3) The class loader is blocked by the Orion server core activator, which is reading all user metadata during start. This is an expensive operation that can take minutes to run for a large Orion install with 100K users:

at org/eclipse/orion/internal/server/core/metastore/SimpleMetaStore.readAllUsers(SimpleMetaStore.java:588)
at org/eclipse/orion/internal/server/core/Activator.initializeMetaStore(Activator.java:153)
at org/eclipse/orion/internal/server/core/Activator.start(Activator.java:168)
Comment 1 John Arthorne CLA 2015-11-13 16:17:25 EST
One solution would be to defer initializing the user property cache until needed, or do it asynchronously outside of the bundle startup.
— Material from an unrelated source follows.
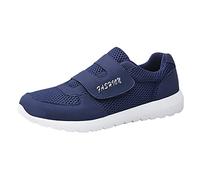 Mens Velcro Trainers Wide Fit Gym Shoes Men Size 10 Breathable Mesh Lightweight Trainers Adjustable Strap Casual Walking Shoes Comfortable Slip Resistant Sneakers for Elderly Daily Fitness Blue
However this cache is needed to lookup a user by id or email, which is needed by authentication, etc. So the server is not entirely useful until this initialization completes. 
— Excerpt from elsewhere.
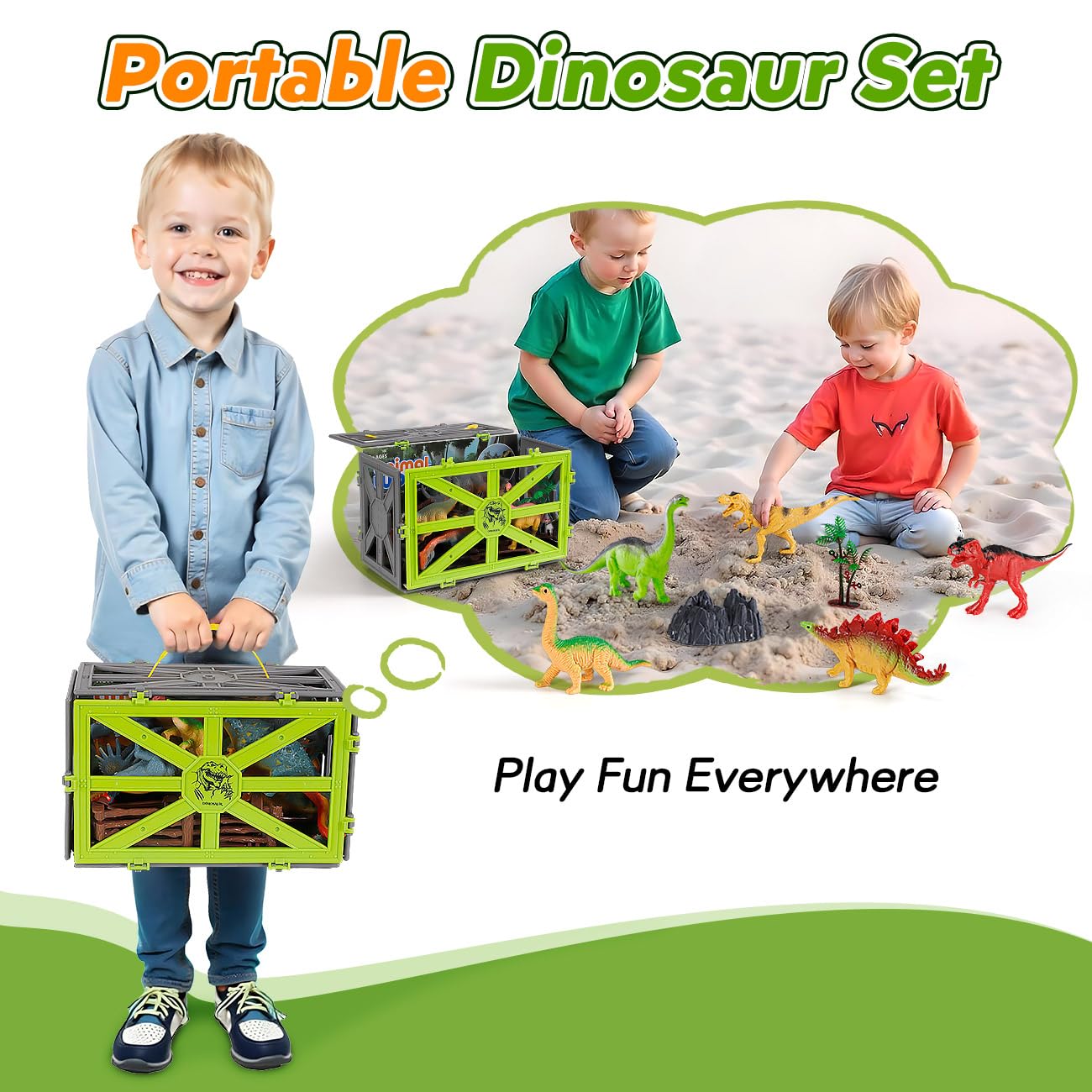 Juguetes de dinosaurio para niños de 3 a 5 años, figuras realistas de dinosaurio de plástico con jaula de almacenamiento para niños de 5 a 7 años, juguetes de dinosaurio, regalos de cumpleaños para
Another solution is to expose an endpoint which triggers any kind of server "warmup" such as populating the user cache. This allows a load balancer or deployment automation system to avoid the server taking traffic before it is fully prepared to take requests. Monitoring of Orion server liveness is often done by doing a "wget" on the server about page, so that endpoint could be used to trigger warmup operations such as the user cache.

Yet another solution is to store the user cache in some persistent store, to avoid the cost of computing it on startup. This adds complexity to the server metadata and makes user management more complex (today you can remove a user simply by removing or unlinking their workspace directory).
Comment 2 John Arthorne CLA 2015-11-13 16:32:52 EST
It's not the most elegant solution, but I have released this simple fix that allows us to validate the problem in a large scale Orion install:

http://git.eclipse.org/c/orion/org.eclipse.orion.server.git/commit/?id=fe1ab55ba63976fc0245780caa4c334c4eef67bf
Comment 3 John Arthorne CLA 2015-11-14 09:39:12 EST
I have also added logging of the two most expensive init steps so we can confirm how long they are taking:

http://git.eclipse.org/c/orion/org.eclipse.orion.server.git/commit/?id=13c308d2b5286cf4952a2715948a55c30629e5c3
Comment 4 John Arthorne CLA 2015-11-17 21:20:20 EST
Confirmed that this fix works as expected for a large Orion install.